Located 3.5 hours from New York City, most people associate Saratoga Springs for its famous horse racing. But has far more to offer than its equestrian reputation! Situated just below the Adirondack Mountains, its namesake comes from the natural springs which can be found all over this historic city. The springs, believed to have healing powers, attracted wealthy visitors for decades before horse racing made its debut in Saratoga Springs in the 1860’s.
Between these two highbrow attractions, money has been poured into this city over quite some time – resulting in some really fantastic architecture and cultural attractions. It’s the perfect spot for health, history, or horse buffs. Read on for your perfect weekend guide to Saratoga Springs, NY!
Where to Stay: the Inn at Five Points
The Inn at Five Points is a traditional and charming B&B nestled in the heart of Saratoga Springs – tucked into a quiet residential neighborhood, but just a 5 minute walk to many of the areas attractions like racetracks and downtown dining. Each of the nine bedrooms are dotted with Equestrian relics, an homage to the history of the region – coupled with a mix of modern and antique furnishings. All rooms have a modern ensuite; upstairs, the suite has a luxurious clawfoot tub overlooking the grounds, and walk-in shower. Other perks include check-in treats (i.e. s’more kits, cookies, etc.), Wi-Fi, luxurious linens and free breakfast.
Speaking of which, the breakfast is a bright spot at the Inn at Five Points. Upon check-in, guests are given a menu, then asked to pick their breakfast choice and preferred mealtime. In the morning, the meal is is prepared to-order and features locally grown, natural, organic produce and baked goods. The menu is always rotating, but expect the full range of healthy and responsible to ultra-decadent items like stuffed french toast.
What to Do in Saratoga Springs: Hiking & Hot Springs
Long before horse racing began in Saratoga, the area’s natural mineral springs had been attracting visitors for decades, as they were believed to have healing powers. Today, springs can be found all over town, many of which are covered by small pavilions and marked by plaques; others, however, are less conspicuous, and nothing more than a spigot in a rock.
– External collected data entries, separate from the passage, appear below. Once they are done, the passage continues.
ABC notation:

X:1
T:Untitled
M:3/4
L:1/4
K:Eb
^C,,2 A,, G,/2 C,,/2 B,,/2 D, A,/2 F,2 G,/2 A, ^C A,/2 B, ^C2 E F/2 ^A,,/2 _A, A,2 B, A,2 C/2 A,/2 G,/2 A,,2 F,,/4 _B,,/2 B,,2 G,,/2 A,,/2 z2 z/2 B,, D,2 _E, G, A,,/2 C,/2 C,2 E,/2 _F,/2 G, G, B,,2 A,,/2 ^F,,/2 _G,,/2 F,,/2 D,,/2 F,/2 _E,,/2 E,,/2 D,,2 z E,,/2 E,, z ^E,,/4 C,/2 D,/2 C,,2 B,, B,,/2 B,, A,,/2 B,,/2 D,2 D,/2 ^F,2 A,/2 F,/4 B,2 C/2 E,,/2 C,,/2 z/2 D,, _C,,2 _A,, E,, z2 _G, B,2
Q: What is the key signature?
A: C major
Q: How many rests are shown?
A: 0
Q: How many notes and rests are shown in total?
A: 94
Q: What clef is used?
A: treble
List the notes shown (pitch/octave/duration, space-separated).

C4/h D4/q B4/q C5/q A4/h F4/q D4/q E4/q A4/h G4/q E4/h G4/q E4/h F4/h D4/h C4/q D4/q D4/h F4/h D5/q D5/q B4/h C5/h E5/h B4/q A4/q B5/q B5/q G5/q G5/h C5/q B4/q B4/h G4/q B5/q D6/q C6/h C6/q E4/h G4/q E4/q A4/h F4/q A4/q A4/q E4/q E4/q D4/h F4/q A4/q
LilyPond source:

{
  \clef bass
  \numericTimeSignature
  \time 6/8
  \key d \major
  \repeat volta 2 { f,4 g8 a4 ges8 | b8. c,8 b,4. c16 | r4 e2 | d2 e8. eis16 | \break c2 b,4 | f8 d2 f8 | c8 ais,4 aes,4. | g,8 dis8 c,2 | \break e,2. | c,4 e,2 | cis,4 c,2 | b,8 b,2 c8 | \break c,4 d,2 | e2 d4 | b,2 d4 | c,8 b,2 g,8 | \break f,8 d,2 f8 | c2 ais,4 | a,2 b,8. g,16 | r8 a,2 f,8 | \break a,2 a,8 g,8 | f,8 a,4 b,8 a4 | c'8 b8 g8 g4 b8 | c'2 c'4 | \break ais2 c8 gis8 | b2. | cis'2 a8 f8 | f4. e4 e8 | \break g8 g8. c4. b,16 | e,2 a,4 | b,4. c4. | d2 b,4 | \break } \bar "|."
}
The most iconic spring in Saratoga can be found in Saratoga Springs State Park – a sprouting geyser – and the only one east of the Mississippi River. It’s easily accessed on the Geyser Creek Trail, which if you continue on, becomes the Five Mile Trail that tours the park’s 12 natural mineral springs. Take a water bottle to sample the spring water! Other attractions on the trail include the Roosevelt Baths (more on that below), the Saratoga Performing Arts Center, and Victoria Pool.
Want to take a dip? The Roosevelt Baths & Spa are a popular way to experience hydrotherapy treatments with the natural mineral springs. The spa offers several treatment options, including massage, facials, and body scrubs – but guests also have the option to book a standalone mineral soak in a private room. Soaks are offered individually for 40 minutes, or before any treatment for 20 minutes. The historic bathhouse dates back to 1935, and use Saratoga’s naturally effervescent water, which is naturally buoyant. The water is captured cold from underground springs, then mixed with fresh warm water and aromatherapy oils of your choice.
Also extremely noteworthy of Saratoga Springs is its proximity to the Adirondacks. Popping up for a hike or day trip is super easy! A 45 minute drive will take you to the Hadley Mountain Trail, a three mile trail that leads to some incredible mountaintop views. After a moderate climb the top, climb the historic fire tower for some unparalleled panoramic views of the Adirondack Park. Alternatively, you can get some great photos and fresh air on the Veterans Memorial Highway, which climbs Prospect Mountain. The 5.5 mile scenic drive has multiple pull-off points; near the top, you’ll have to hike (about 10 minutes) or take a shuttle to the summit. (Note: because of dangerous winter road conditions, the highway is open seasonally.)
What to Do in Saratoga Springs: Arts & Culture
Saratoga Springs is best known for its derbies. Racing season at the Saratoga Race Track begins mid-July and runs through Labor Day; races are held several days a week. Because of the races’ popularity, it’s recommended visitors buy online ahead of time, but you an also try your luck at the gate! Equestrian enthusiasts will also enjoy the National Museum of Racing.
Artists and garden enthusiasts will take interest in Yaddo, the famous artist-in-residence retreat. Here, housing in the historic and massive stone mansion is made available to professional artists over a 400-acre sprawling estate. Although the house isn’t open to the public, the beautiful garden is, year round.
Last but not least, downtown Saratoga Springs is really walkable. Where Broadway intersects with Caroline St. is the epicenter of it all, with boutiques like menswear gem Union Hall and its sister-shop Caroline & Main – plus tons of dining and drinking options. While you’re perusing downtown, fuel-up on coffee at Palette Cafe, a woman-owned coffee shop and co-working space.
Where to Eat & Drink in Saratoga Springs
If you’re staying at the Inn at Five Points, breakfast is taken care of, so we’ll skip right to lunch. The best lunch in town can arguably be had at Comfort Kitchen, which is inconspicuously located in the lower level of a small shopping mall. But don’t let that fool you! Their locally-sourced food is absolutely delicious; don’t skip their famous tater tots, which melt in your mouth. The Mercantile is another favorite, which the owners describe as a Long Island-style diner – meaning they serve breakfast all day, but the menu is considerably more creative and upscale than a diner. You may just find yourself having an eggs Benedict for dinner!
Speaking of dinner, the most memorable meal in Saratoga Springs was served up by newly-opened Solevo. (It appears the locals love it too, who voted Solevo as the Best New Restaurant by local publication Saratoga Today.) Owned and operated by the Solevo family, three siblings work together – host, manager, and chef – in this charming and fantastic old-school Italian restaurant. Reservations are highly recommended, as are the eggplant chips.
Last, there’s seemingly endless bars in Saratoga Springs – especially compared to most locations we cover – but we managed to pick our three favorites pretty easily. For a low-key/intimate atmosphere, grab a cocktail at the Brentwood, whose black-clad hotel lobby serves as a bar, and is as handsome as it is cozy. For a more lively night out, check out Hamlet & Ghost for incredible cocktails (and good food, as well); and if you’re still going at the end of the evening, we’ve heard great things the newly-opened cocktail bar/nightclub Night Owl Saratoga. Cheers!